The clause should be construed so as to give it some necessary meaning. The instrument having been written by the company, any doubt should be resolved in the favor of the plaintiff. In construing the word "divest", we must give it such meaning as would be understood by the employee in whose interest it was written. Construing it in that manner, the word "divest" would mean "to take away". It should be noted that the word "vested" does not appear before the word "interest" and it was, therefore, intended that the company be barred by the terms of the indenture from amending it so as to take away not only a vested interest, but any interest of the employee in the fund. And it may not be said that at the time this amendment was made the employee had no interest in this fund. To construe the limitation clause otherwise would make illusory all of the benefits set up in the interest of the employees. Thus, the number of ways in which the company could take away the rights of the employees would only be limited by the extent of one's imagination.
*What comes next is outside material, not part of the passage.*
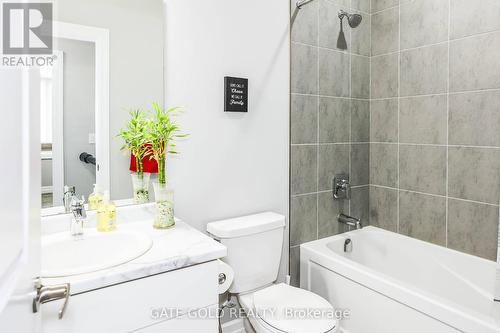 18 Borden Tr, Welland, ON - Indoor Photo Showing Bathroom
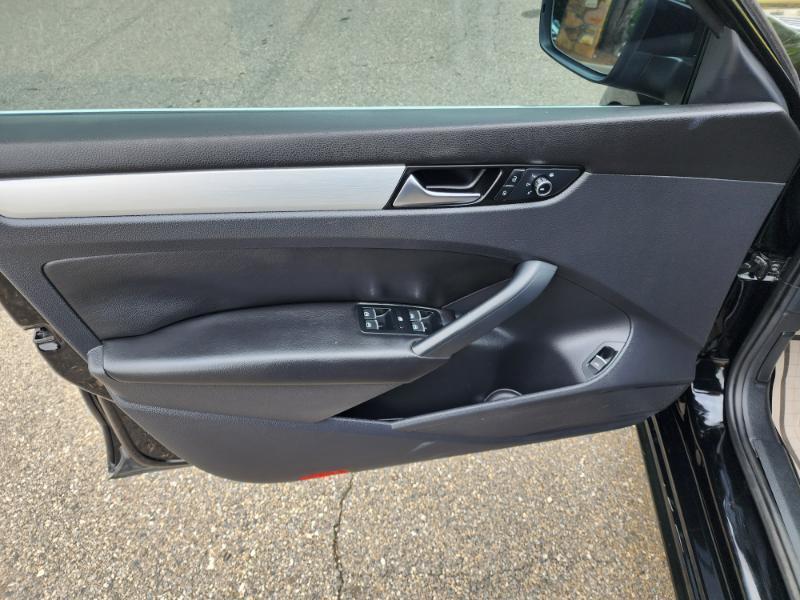 Volkswagen Passat 2.0L TDI SEL Premium 2013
The majority refers to the case of McNevin v. Solvay Process Co. (32 App. Div. 610, 612, affd. 167 N.Y. 530) where the court says: "that none of the employees had a vested interest in any part of this fund * * * until the gift is completed by actual payment." That case is to be distinguished. There, the trust at its very inception provided, as stated by the Appellate Division (p. 611), "that the funds shall be and remain the sole property of the defendant, and absolutely subject to the control of its trustees". In this case the funds which the company deposited could in no circumstances be retrieved or controlled. Clause 6 of the trust fund provides as follows: "6. Company has no interest in the Fund. Notwithstanding anything hereinbefore in this Article Two contained, or anything contained in any other article of this Indenture as now expressed, or as may hereafter be amended, it shall be impossible at any time prior to the satisfaction of all liabilities with respect to employees of this Company who are beneficiaries, and their beneficiaries, for any part of the corpus or income of the trusts hereby created, to be used for or diverted to purposes other than the exclusive benefit of such employees or their beneficiaries."
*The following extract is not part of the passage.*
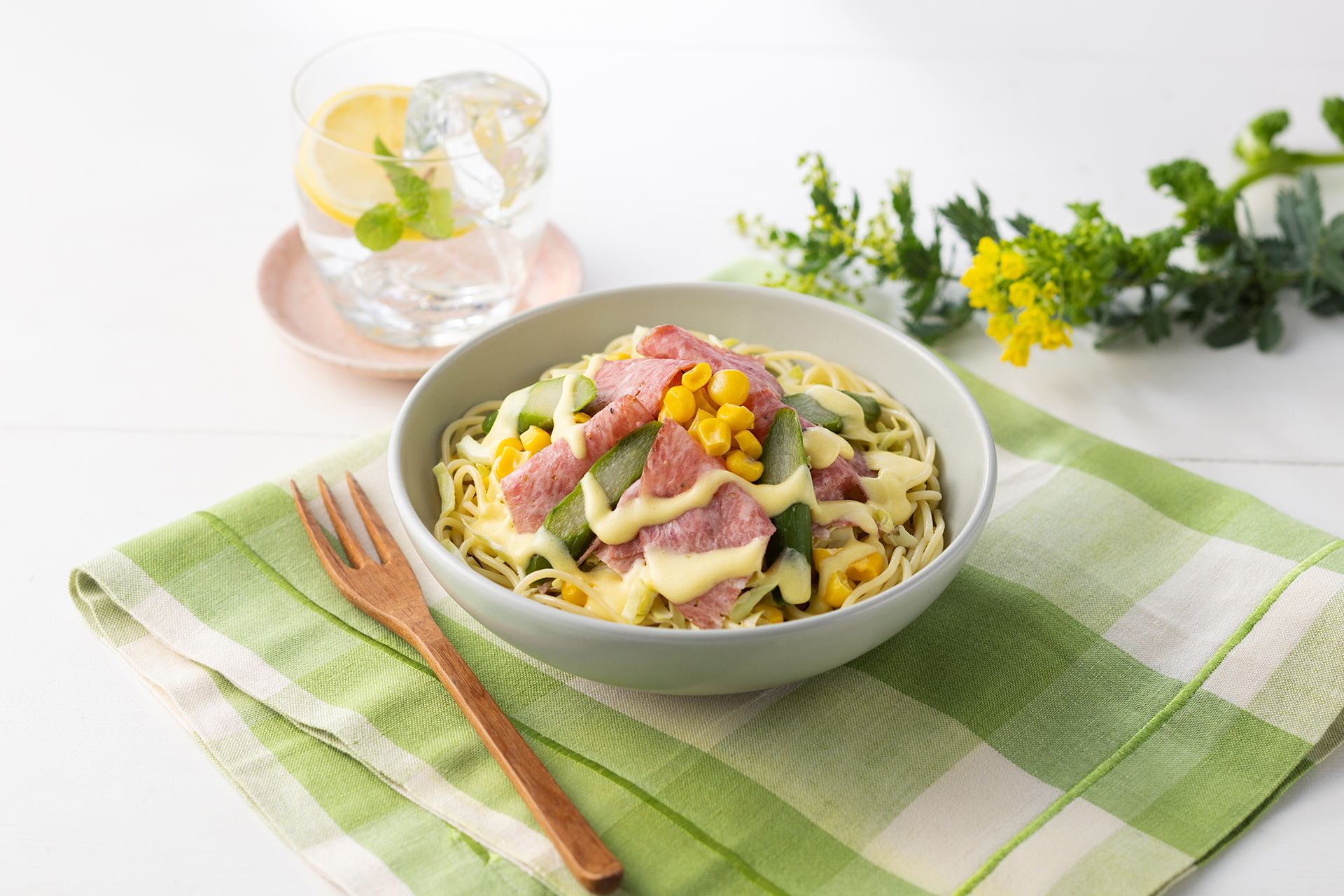 アスパラとソフトサラミの彩りパスタサラダ（397円）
Had the forfeiture amendment been written into the original trust there would be no question but that the violation of it would prevent the plaintiff from obtaining the money he seeks, because then he could have remained in the employ of the company subject to those conditions or not as he chose. Likewise he is not entitled to any money subsequent to the time of the amendment because then too he could have remained in the employ of the company subject to the provisions of the amendment or not, as he chose. However, having earned his interest in the fund before the amendment, it may not be taken away from him retroactively because the limitation in the right to amend, as I construe it, expressly prohibits it.

Accordingly, the judgment should be modified as indicated herein.

Order on defendants' appeal, the judgment for the plaintiff on the first cause of action is reversed and the said cause of action dismissed on the merits. On plaintiff's appeal, the judgment is affirmed. Settle order on notice.